Hoarding Information
2011-12-04 12:50:57
The Professor hides in his vast library of moldering books. There's the comfortable chair with the good reading light, books strewn all around him in awkward stacks, or more chaotic piles where the stacks fell after getting a little too awkward to stand under their own weight.
There's the chef with the shelves of cookbooks -- some found on a trip to far away lands, some basics that every chef should have. The collection of cards and boxes of pages torn from magazines crowd the flour dredged spines of collected recipes.
There was a time that to be an expert, you had to compile and hoard your knowledge. That clever trick for pie crust, or that snippet of Kipling, was only safe if you had it written down and squirreled away. You would buy an entire tome from a one-eyed man in Istanbul because there was a passage you knew you would never see again and you simply MUST own it.
That day may come again, as the fall of civilization is always a possibility. But I've decided that I'm not the Archivist. My role in life isn't to collect, catalog, and store the Library of Alexandria in cardboard boxes and Ikea shelving. My role is to consume and use the information that is flowing past me at the speed of light (which I can look up on Wikipedia and find that it might not be as constant as my old encyclopedia tells me).

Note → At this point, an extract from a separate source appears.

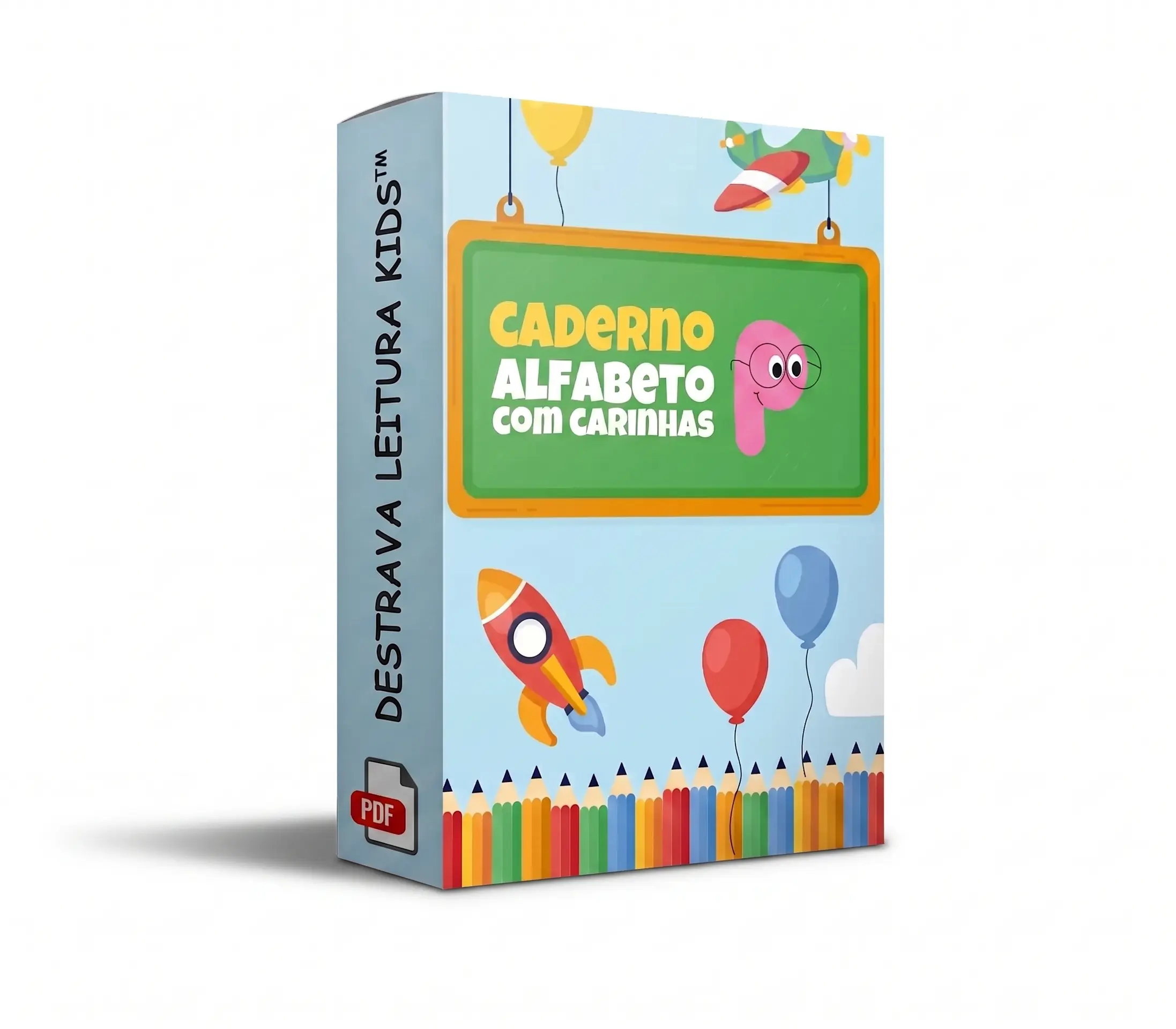 Caderno Alfabeto com Carinhas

There are books I want to own, and I'm not chucking out my entire library. I have a first printing, first edition of Larry Niven's Ringworld, which is very rare and has errors he corrected by the second printing. But last time I read Ringworld was on my Kindle -- it's easier to take the entire collection on the airplane electronically rather than put the books all in a banker's box and buy a second seat.

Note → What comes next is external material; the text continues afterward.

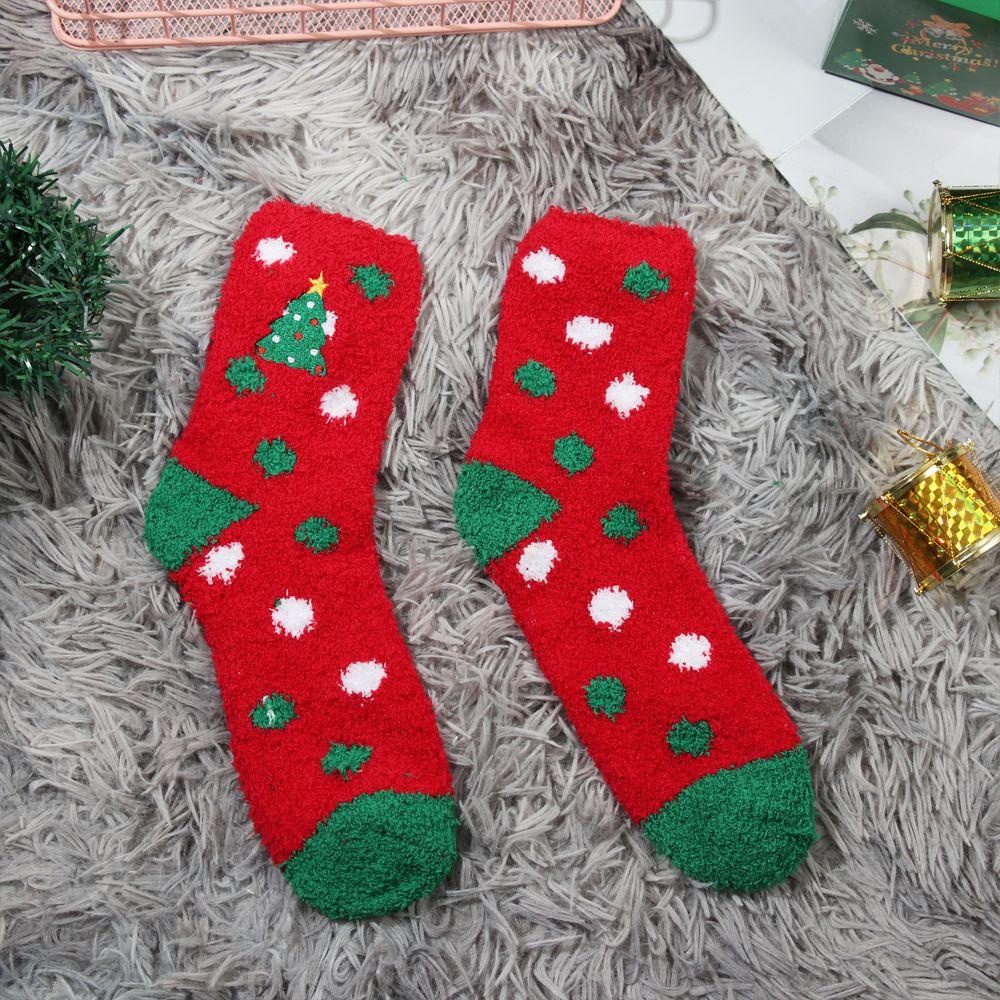 Vớ Cotton Mềm Mại Giữ Ấm Mùa Đông Mừng Năm Mới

I don't own the media for the sake of having an off-line backup of something I want to read. I own the media because I like the medium. Books are cool in their own way, but as I chew on a story, digest it, and incorporate what the author is saying into my view of reality, I need to be able to look up words that sometimes aren't in the dictionary but are on www.urbandictionary.com.
I need more information than I can find in the few hundred or so books I own, the stacks of magazines, or the printed journals I've collected over the years. I need it faster than climbing up the ladder in the dusty library, scanning titles of books, flipping through indexes, and then starting over.
The professor pulls out his mobile device, enters a brilliant query, and says, 'Aha!' The chef searches a database of Turkish culinary history on her tablet, and finds the perfect dish for the gala event.
The information is out there. The knowledge for what to do with that information is up to you.